Q & A: Scott Shaffer, Candidate for Republican National Committeeman

I asked Anne Arundel County Central Committee member Scott Shaffer, now a candidate for Republican National Committeeman, to elaborate on the reasons why he is challenging two-term Committeeman Louis Pope. Below are the three questions I asked him, and his unedited responses.

1) What prompted you to run?

When Bob Ehrlich won the governor’s race in 2002, it was supposed to usher in a new era for the Maryland Republican Party. Since then however, the Maryland Republican Party has not won any statewide elections. In the last election, the party did not even field a full slate of candidates for those statewide contests. In a year in which Republicans saw huge gains in many other states, we lost seats in the state senate (where 15% of the seats went uncontested). The modest gains we saw in the House of Delegates came from candidates like Herb McMillan in my district, who ran strong campaigns independent of the mainstream party – they won despite having an (R) next to their name rather than because of it. In a rematch of gubernatorial candidates, we received fewer votes than we did four years earlier. Internally, our state party was consumed with infighting, in part over a Rule 11 waiver requested by the National Committeeman.

In short, we’ve been going backwards for far too long. It’s time to move forward. Two years ago we cleaned house and replaced most of the party officers with much-needed new blood. Now, it’s time to complete the process. I decided to run because I don’t want to see us repeat the past eight years.

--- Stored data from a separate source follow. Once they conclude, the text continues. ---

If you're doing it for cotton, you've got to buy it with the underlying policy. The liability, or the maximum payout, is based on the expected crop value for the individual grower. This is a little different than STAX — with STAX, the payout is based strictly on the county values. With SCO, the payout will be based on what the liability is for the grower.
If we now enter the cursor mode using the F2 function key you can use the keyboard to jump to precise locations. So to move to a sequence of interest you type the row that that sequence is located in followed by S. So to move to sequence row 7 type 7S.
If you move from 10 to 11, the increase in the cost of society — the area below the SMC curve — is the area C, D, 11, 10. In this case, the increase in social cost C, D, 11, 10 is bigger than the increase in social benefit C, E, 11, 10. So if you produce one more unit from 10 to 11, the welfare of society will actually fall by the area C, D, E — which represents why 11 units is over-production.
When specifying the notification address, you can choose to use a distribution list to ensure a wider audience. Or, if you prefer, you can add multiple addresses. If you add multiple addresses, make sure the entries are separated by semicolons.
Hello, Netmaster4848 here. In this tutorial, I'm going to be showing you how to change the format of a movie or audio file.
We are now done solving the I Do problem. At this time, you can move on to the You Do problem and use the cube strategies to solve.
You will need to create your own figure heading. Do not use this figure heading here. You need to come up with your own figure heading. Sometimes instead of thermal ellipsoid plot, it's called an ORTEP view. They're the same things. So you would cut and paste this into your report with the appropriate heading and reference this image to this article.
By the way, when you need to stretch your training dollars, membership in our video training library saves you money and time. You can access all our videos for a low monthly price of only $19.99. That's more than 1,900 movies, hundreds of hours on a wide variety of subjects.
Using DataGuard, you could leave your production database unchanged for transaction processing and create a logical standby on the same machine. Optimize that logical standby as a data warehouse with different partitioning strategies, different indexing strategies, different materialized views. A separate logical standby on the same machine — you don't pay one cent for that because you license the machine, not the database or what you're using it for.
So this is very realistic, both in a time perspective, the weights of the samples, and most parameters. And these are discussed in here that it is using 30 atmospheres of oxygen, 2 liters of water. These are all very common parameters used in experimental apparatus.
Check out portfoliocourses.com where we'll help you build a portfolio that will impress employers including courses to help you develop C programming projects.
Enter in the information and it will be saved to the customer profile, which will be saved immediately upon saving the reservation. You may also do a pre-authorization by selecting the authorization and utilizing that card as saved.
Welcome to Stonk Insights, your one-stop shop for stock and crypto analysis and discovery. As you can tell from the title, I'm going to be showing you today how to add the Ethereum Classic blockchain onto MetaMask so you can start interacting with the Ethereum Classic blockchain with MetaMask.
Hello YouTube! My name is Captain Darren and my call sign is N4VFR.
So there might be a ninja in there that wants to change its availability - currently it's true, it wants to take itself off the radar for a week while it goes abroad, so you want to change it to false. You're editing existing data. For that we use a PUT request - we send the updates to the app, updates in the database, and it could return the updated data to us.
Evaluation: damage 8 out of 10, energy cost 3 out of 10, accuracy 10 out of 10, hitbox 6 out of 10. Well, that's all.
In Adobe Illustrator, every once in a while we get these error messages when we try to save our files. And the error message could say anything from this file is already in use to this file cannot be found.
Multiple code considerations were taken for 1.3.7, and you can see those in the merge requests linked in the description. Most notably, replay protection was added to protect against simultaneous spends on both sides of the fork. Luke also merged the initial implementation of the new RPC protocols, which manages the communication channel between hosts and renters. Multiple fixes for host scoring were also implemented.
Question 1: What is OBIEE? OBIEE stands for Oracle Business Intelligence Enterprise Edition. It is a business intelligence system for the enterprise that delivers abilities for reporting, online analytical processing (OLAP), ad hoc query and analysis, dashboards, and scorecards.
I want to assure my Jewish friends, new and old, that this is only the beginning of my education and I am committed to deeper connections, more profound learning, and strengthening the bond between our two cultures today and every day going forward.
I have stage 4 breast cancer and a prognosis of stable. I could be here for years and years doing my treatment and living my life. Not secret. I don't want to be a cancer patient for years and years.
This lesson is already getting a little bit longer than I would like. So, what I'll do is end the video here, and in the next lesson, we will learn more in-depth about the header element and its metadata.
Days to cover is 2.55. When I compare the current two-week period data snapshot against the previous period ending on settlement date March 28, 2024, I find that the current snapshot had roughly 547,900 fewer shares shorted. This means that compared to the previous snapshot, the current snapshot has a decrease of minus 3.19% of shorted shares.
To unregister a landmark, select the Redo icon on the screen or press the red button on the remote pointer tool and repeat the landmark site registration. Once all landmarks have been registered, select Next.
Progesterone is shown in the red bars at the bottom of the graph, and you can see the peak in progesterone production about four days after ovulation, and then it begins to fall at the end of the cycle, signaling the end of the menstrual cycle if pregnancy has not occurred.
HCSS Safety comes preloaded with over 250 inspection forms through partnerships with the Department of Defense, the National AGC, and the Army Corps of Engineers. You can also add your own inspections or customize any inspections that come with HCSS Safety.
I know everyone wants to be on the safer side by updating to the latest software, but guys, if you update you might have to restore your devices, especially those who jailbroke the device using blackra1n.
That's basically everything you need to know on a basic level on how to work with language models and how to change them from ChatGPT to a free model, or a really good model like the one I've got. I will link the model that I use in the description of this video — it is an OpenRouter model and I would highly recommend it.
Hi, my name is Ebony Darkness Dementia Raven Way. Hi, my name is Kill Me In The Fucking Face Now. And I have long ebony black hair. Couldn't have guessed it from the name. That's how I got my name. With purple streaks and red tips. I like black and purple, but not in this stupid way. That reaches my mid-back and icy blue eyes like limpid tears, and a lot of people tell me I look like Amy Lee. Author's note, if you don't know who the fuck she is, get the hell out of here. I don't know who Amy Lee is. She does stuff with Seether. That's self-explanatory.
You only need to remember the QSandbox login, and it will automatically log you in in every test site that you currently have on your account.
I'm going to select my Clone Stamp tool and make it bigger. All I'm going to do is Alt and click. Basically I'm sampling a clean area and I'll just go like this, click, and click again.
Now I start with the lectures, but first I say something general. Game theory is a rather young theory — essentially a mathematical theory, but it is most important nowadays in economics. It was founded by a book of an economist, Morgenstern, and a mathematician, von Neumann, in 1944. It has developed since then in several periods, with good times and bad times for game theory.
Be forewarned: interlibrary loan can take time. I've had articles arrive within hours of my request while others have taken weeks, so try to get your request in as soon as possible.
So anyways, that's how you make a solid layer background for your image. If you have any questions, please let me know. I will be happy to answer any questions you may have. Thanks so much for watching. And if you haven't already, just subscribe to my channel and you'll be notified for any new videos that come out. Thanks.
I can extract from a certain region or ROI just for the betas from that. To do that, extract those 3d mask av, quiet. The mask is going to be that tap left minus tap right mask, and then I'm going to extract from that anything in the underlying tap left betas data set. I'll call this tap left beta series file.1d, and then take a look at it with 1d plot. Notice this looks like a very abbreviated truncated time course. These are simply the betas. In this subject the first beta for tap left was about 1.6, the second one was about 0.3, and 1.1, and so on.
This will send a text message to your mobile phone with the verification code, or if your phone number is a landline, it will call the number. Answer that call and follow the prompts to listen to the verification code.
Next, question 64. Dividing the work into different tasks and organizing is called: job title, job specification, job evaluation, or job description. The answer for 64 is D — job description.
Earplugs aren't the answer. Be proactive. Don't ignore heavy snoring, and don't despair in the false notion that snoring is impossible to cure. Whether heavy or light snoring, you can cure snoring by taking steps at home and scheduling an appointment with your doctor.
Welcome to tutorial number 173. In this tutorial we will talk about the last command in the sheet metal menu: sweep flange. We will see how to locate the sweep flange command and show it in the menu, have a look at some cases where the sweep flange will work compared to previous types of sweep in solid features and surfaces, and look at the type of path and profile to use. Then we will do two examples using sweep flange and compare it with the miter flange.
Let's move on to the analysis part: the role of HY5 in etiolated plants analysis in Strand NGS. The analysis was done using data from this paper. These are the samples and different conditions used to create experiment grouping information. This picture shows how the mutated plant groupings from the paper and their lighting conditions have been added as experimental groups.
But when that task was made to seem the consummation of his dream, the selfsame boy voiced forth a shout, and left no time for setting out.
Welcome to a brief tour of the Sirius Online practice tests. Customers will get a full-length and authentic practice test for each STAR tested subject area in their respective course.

We need a different approach, and I believe my approach to the position would move the party forward while the incumbent would continue with business as usual.

2) What role should the national committeeman play other than those functions presently fulfilled by the incumbent and historically by his predecessors?

Ultimately, the only function of the state party that matters is to get Republicans elected in Maryland. In the past, the National Committeeman has been more of a behind-the-scenes fundraiser. Fundraising alone doesn’t win elections though if we don’t even have candidates on the ballot. Furthermore, many of our past fundraising efforts have been undercut by poor spending decisions, such as the low performing Victory Centers. Our problem isn’t that we can’t raise money; it’s that the money we do raise isn’t spent effectively.

There are also certain ceremonial functions that our National Committeeman has historically performed: serving on RNC subcommittees, attending numerous black-tie dinners, playing host at the national convention. These may raise a Committeeman’s national profile somewhat, but at the end of the day they don’t translate into votes within Maryland.

Finally, as the state party’s representative to the RNC, the county central committees should expect a certain level of constituent service from their National Committeeman. However, our current National Committeeman has focused almost exclusively on advancing RNC initiatives outside of Maryland rather than within. I don’t see how anyone can truly represent the interests of Maryland Republicans without being directly involved in their efforts. Being outnumbered 2:1 by Democrats, we need all hands on deck if we hope to make any inroads. As a party officer and voting member of the Executive Committee, the National Committeeman should be involved in all facets of the organization within the state as well. That includes building the brand, candidate recruitment, and strategic direction.

3) Why should state Republicans care about this election?

This election is not just about who our National Committeeman should be – it’s about what the National Committeeman should be. For too long, these positions have been treated as entitlements, and bestowed upon former party Chairs in unchallenged elections. They’ve been a reward for past service, when they should be based on future expectations. The State Central Committee has a unique opportunity at our upcoming convention to redefine the position in a way which will best serve our state party. This vote will be a sign to Maryland Republicans as to whether the state party is serious about gaining ground on the Democratic monopoly, or whether we’re content with the status quo.